• Exercise requirements
Retype, without changes or pictures, only the lines that begin at the one containing "성동구 금호역 교통사고" and end at the last line of the records that follow.

• Study material
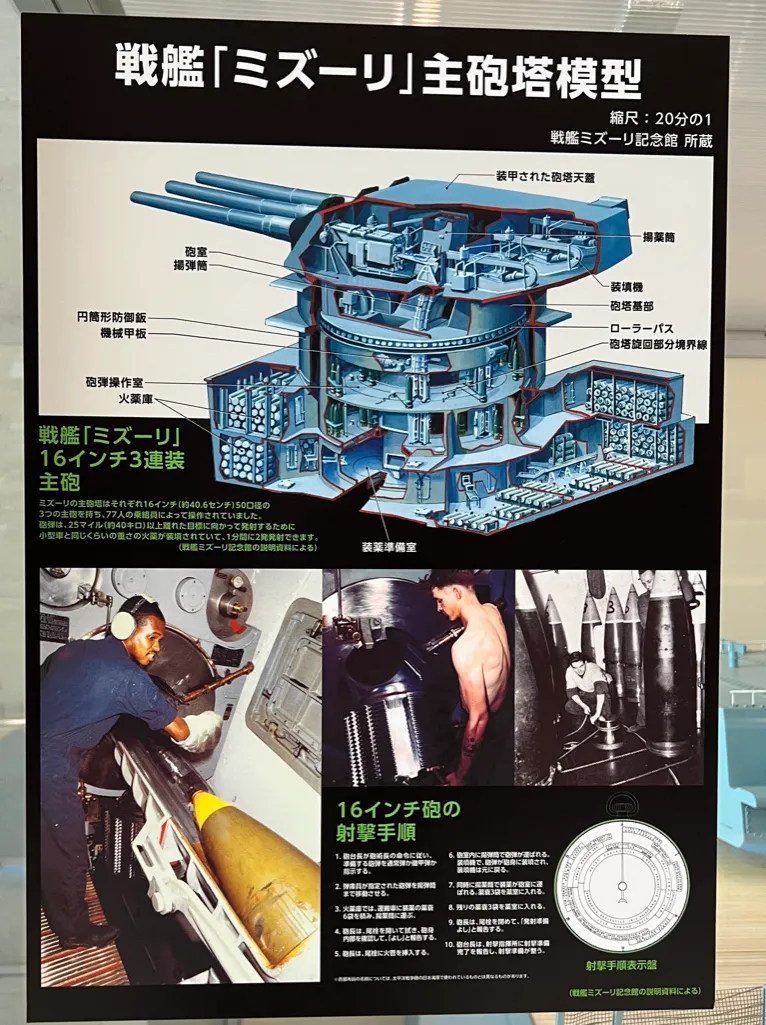 戦艦ミズーリ主砲模型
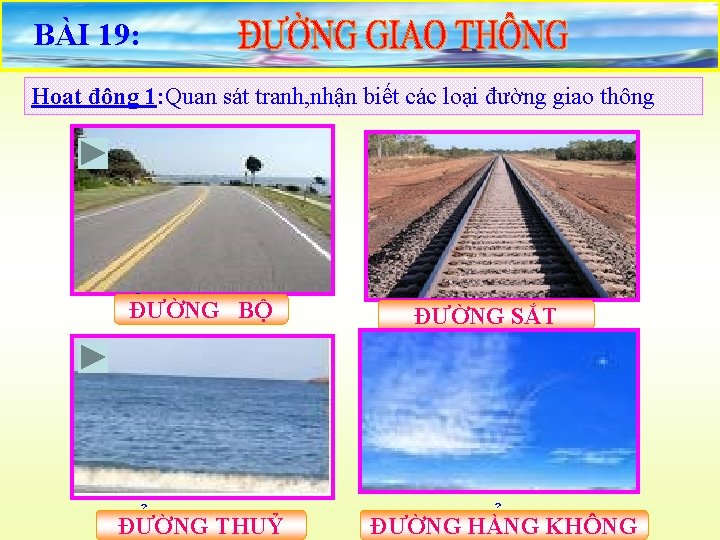 BÀI 19: Hoạt động 1: Quan sát tranh, nhận biết các loại đường giao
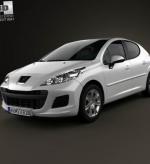 Peugeot 207 3 doors price Peugeot 207 3 doors price hatchback
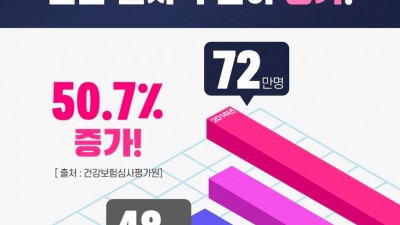 성동구 금호역 교통사고 치료 한의원의 치료법에 대해 알아봐요 금호동 생명마루 한의원 성동점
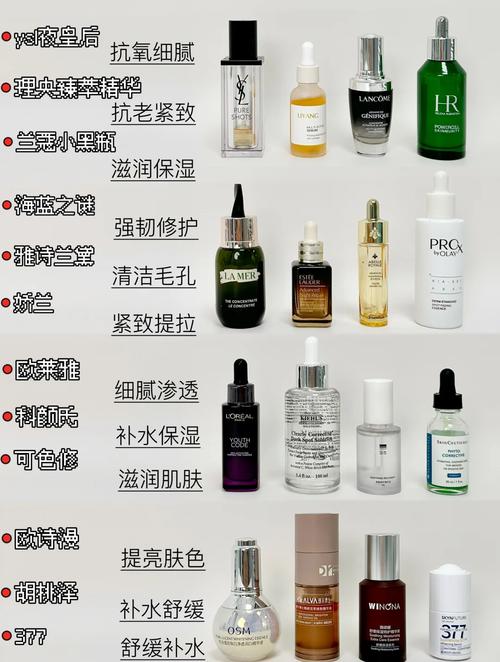 25岁护肤品牌选哪些？年轻肌怎么挑？-图3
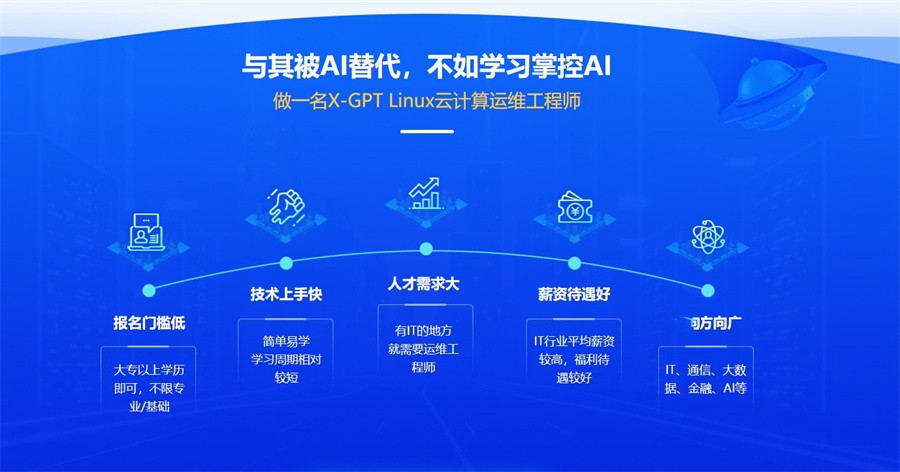 国内可靠的X-GPT LINUX云计算运维工程师培训机构十大排名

• Result of the exercise
 성동구 금호역 교통사고 치료 한의원의 치료법에 대해 알아봐요 금호동 생명마루 한의원 성동점
 25岁护肤品牌选哪些？年轻肌怎么挑？-图3
 国内可靠的X-GPT LINUX云计算运维工程师培训机构十大排名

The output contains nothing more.